Opinion
No. 19-1859
08-24-2020
Patrick N. Long and Patrick Long Law Firm, P.C., on brief for petitioner. Ilana J. Snyder, Trial Attorney, U.S. Department of Justice, Office of Immigration Litigation, Joseph H. Hunt, Assistant Attorney General, Civil Division, and Sabatino F. Leo, Senior Litigation Counsel, on brief for respondent.
Patrick N. Long and Patrick Long Law Firm, P.C., on brief for petitioner.

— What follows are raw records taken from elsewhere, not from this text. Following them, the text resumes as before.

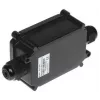 DELTA PUH-3PK scatola di derivazione da incasso per montaggio a parete bianca IP20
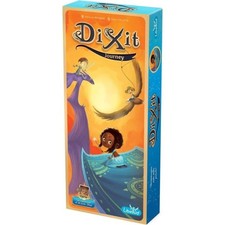 Dixit - Journey FAM ESP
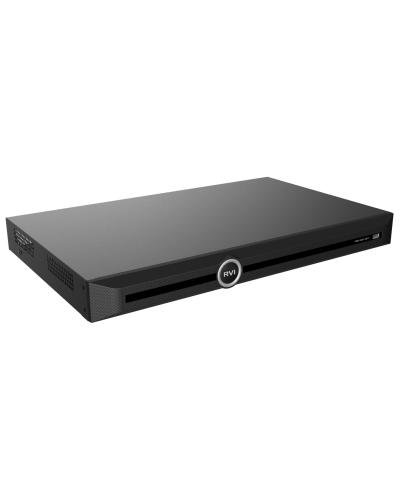 RVi-1NR20270-16P. Видеорегистратор IP 20-канальный. RVi в Череповце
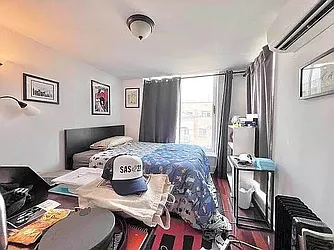 Rented by Doorway NYC, LLC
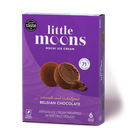 Little Moons Mochi (Vegan Chocolate) 192g |小月亮 麻薯冰淇淋 (素食 巧克力) 192g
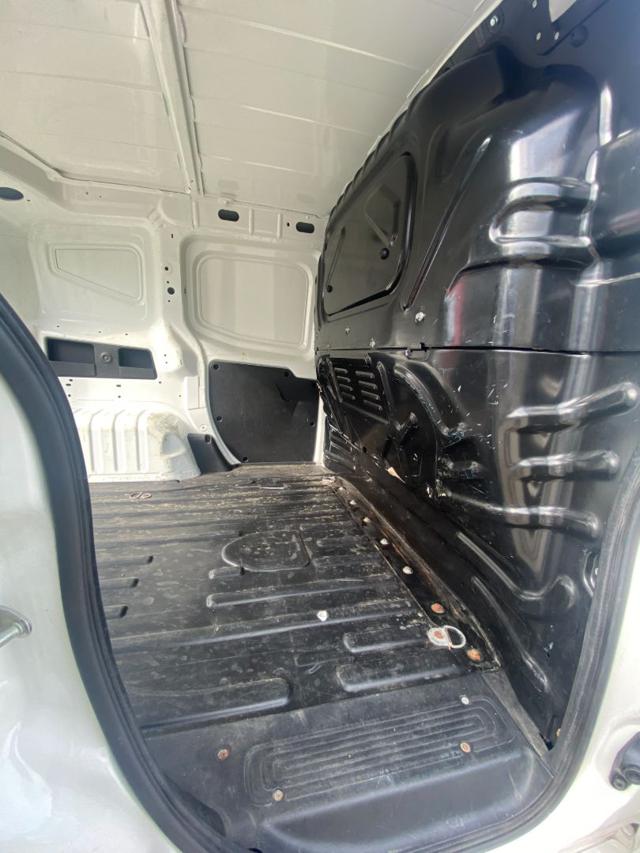 FIAT Fiorino usata 28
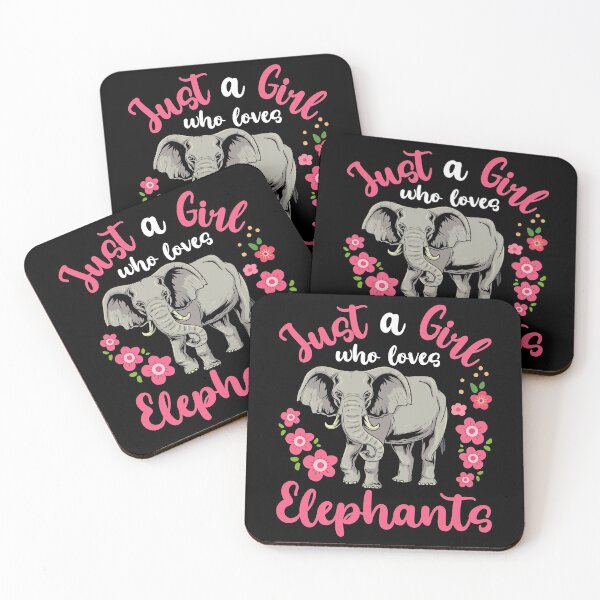 Artikelvorschau, Elefanten Elefantenliebhaber Zookeeper entworfen und verkauft von CreativeGiftShp.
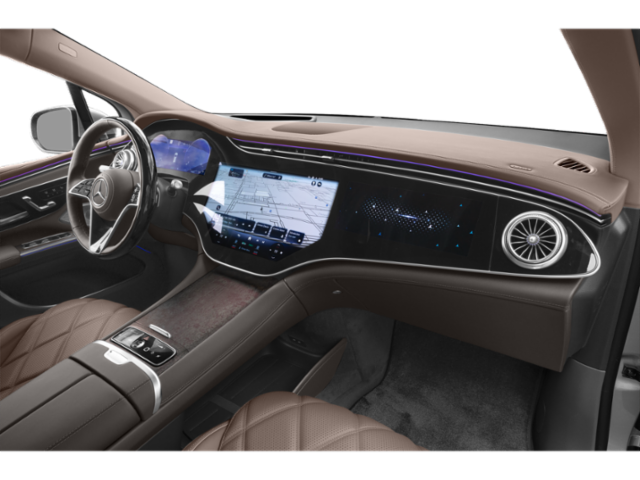 Used 2024  Mercedes-Benz Maybach EQS 680 image 14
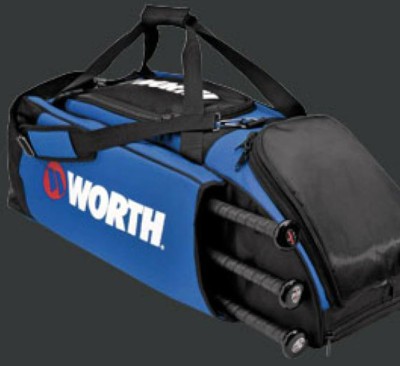 worth softball bag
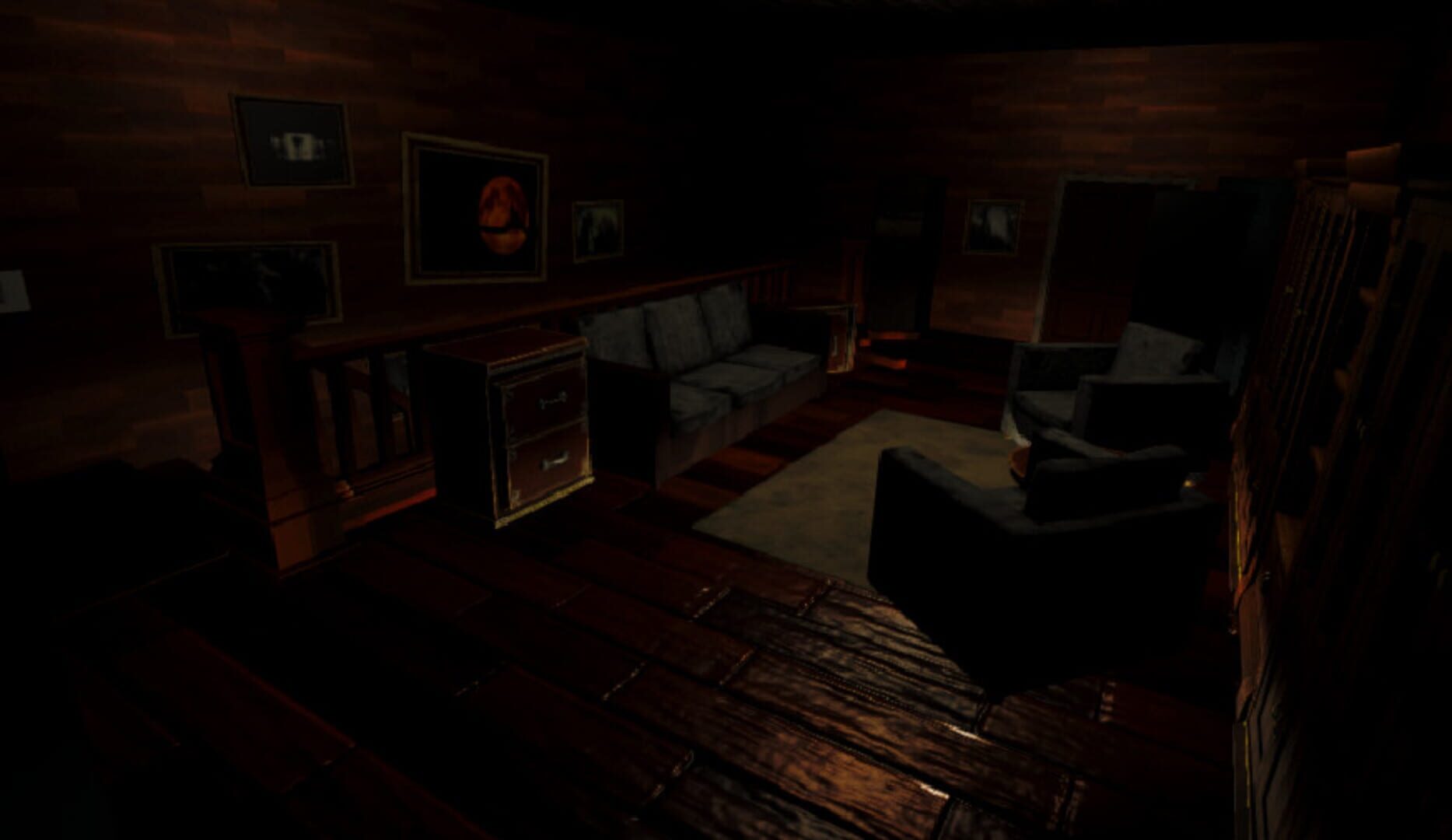Death's Playground - Screenshot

Ilana J. Snyder, Trial Attorney, U.S. Department of Justice, Office of Immigration Litigation, Joseph H. Hunt, Assistant Attorney General, Civil Division, and Sabatino F. Leo, Senior Litigation Counsel, on brief for respondent.
Before Howard, Chief Judge, Torruella and Barron, Circuit Judges.
BARRON, Circuit Judge.
Rafael Emilio Franjul-Soto ("Franjul-Soto"), a citizen of the Dominican Republic, petitions for review of an order of the Board of Immigration Appeals ("BIA") that denied his motion to reconsider his motion to reopen removal proceedings. We deny the petition for review.
I.
Franjul-Soto was born in the Dominican Republic in 1965 and entered the United States without inspection in 1988. On April 4, 2016, the United States Department of Homeland Security ("DHS") served Franjul-Soto with a Notice to Appear, which charged him with being removable from the United States under 8 U.S.C. § 1182(a)(6)(A)(i).
The Notice to Appear listed the address of the Immigration Court, but indicated that the date and time of Franjul-Soto's hearing were "[t]o be set." Three days later, DHS served Franjul-Soto with a letter entitled "Notice of Hearing," which specified that the hearing would take place on April 11, 2016, at 8:30 a.m.
The parties appear to question whether the Notice to Appear listed the Immigration Court's address. It did. The document stated: "YOU ARE ORDERED to appear before an immigration judge of the United States Department of Justice at: JFK Federal Building 15 New Sudbury St, Room 320 Boston MA 02203."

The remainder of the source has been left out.